An ice core that may be older than 1.5 million years has arrived in the UK where scientists will melt it to unlock vital information about Earth’s climate. The glassy cylinder is the planet’s oldest ice and was drilled from deep inside the Antarctic ice sheet. Frozen inside is thousands of years of new information that scientists say could “revolutionise” what we know about climate change.
The ice core was extracted in Antarctica at a cost of millions and was transported by boat and then in a cold van to Cambridge. The team will slowly melt the hard-won ice, releasing ancient dust, volcanic ash, and even tiny marine algae called diatoms that were locked inside when water turned to ice. These materials can tell scientists about wind patterns, temperature, and sea levels more than a million years ago.

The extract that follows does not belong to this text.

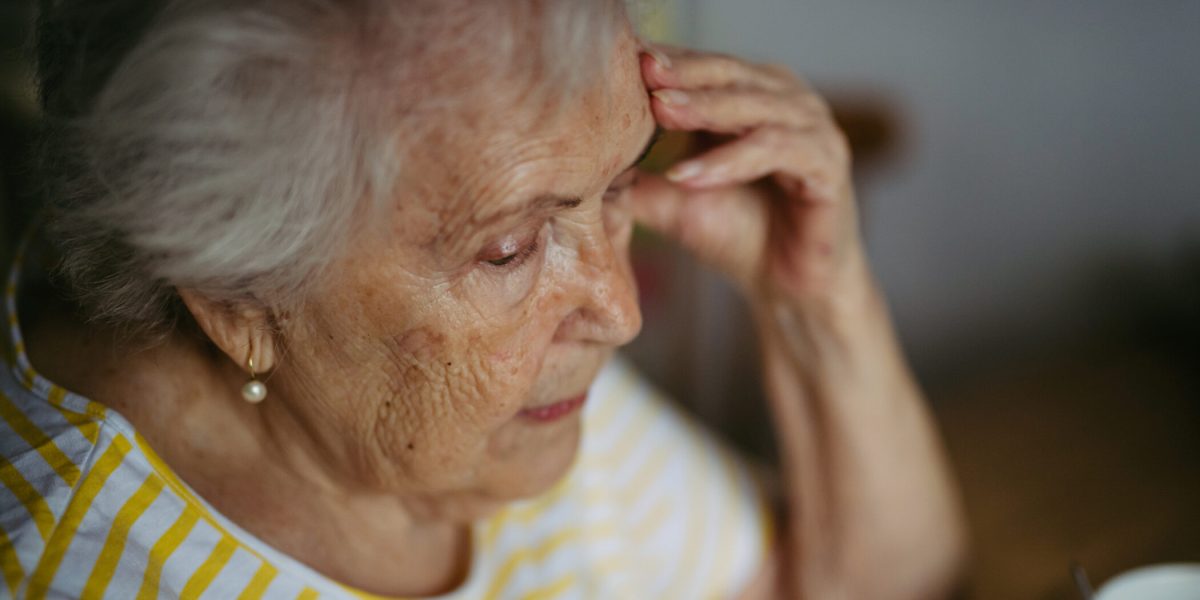 Pensie de AUR după 45 de ani de muncă peste hotare în 2026: Cât încasează românii?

The team will identify chemical isotopes in the liquid that could tell us the wind patterns, temperatures, and rainfall for a period of time between 800,000 and up to 1.5 million years ago or possibly more. They will use an instrument called an inductively couple plasma mass spectrometer (ICPMS) to measure over 20 elements and trace metals.
The work will help scientists understand a mysterious change called the Mid-Pleistocene Transition 800,000 to 1.2 million years ago when the planet’s glacial cycles suddenly changed. The cause of this shift is one of the “most exciting unsolved questions” in climate science. The cores may have evidence of a time when sea levels were much higher than they are now and when the vast Antarctic ice sheets were smaller.

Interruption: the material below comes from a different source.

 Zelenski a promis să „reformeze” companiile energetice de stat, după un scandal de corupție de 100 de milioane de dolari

The presence of dust in the ice will help them understand how the ice sheets shrunk and contributed to sea level rise – something that is a major concern this century. The team could find evidence of a period of time more than 800,000 years ago when carbon dioxide concentrations may have been naturally as high or even higher than they are now. This could help them understand what will happen in our future as our planet responds to warming gases trapped in our atmosphere.